If your school uses self-paced instruction, self-checking can help students and teachers. Students can identify and correct their own errors and the teacher saves time. But how do you help students maintain integrity?
David explains a simple method he uses to support students’ efforts at maintaining integrity. Whether you choose to use a smartphone like David does, or adapt a lower-tech approach, consider a random approach to integrity.
Self-checking: I think it’s a great opportunity for them to learn at a young age. Sometimes I wonder if we put a little too much temptation on too young students, and then maybe expect them to have a higher level of integrity than what they have matured to. That has always been a problem. Probably most students at some point get caught with cheating in their score and they don’t do it properly.
It used to be, back when I started teaching, that I would spot check every book that was handed in for a test, and that just got to be cumbersome. It’s a lot of work the teacher shouldn’t have to be doing.
Lately what I’ve been doing, and it seems to be working better than anything that I’ve ever tried before, is I have a randomizer app on my phone. I’ve got all the students’ names in it in a list. Usually after lunch or after last break or something, on days that I remember, I just pull it out. I take the third name that comes up and that student is the checker. Then I take the next two third names that come up and those are the ones that get checked. Then I’ve got a list of the subjects and I randomly pick a subject, and those two students bring that subject and the checker gets the answer key and checks the last lesson that they did in it.
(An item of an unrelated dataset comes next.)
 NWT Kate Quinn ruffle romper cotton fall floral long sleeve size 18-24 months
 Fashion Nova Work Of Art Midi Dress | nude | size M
If it’s perfect, then I give them a little award. If it’s got problems, they erase it and do it again. If it’s got real problems, then the penalties get bigger. If it’s bad enough, they erase the entire Light Unit and start over. If you happen to be on Lesson 14 or something, you have to redo two or three weeks worth of work in that subject. It’s pretty good motivation.
Again, I would like to see them do it because it’s the right thing to do, not because they’re afraid of what’s going to happen if they don’t. But that has really helped. No one knows when they’re going to get called and no one knows which subject is going to get checked. It seems to really keep them on top of it.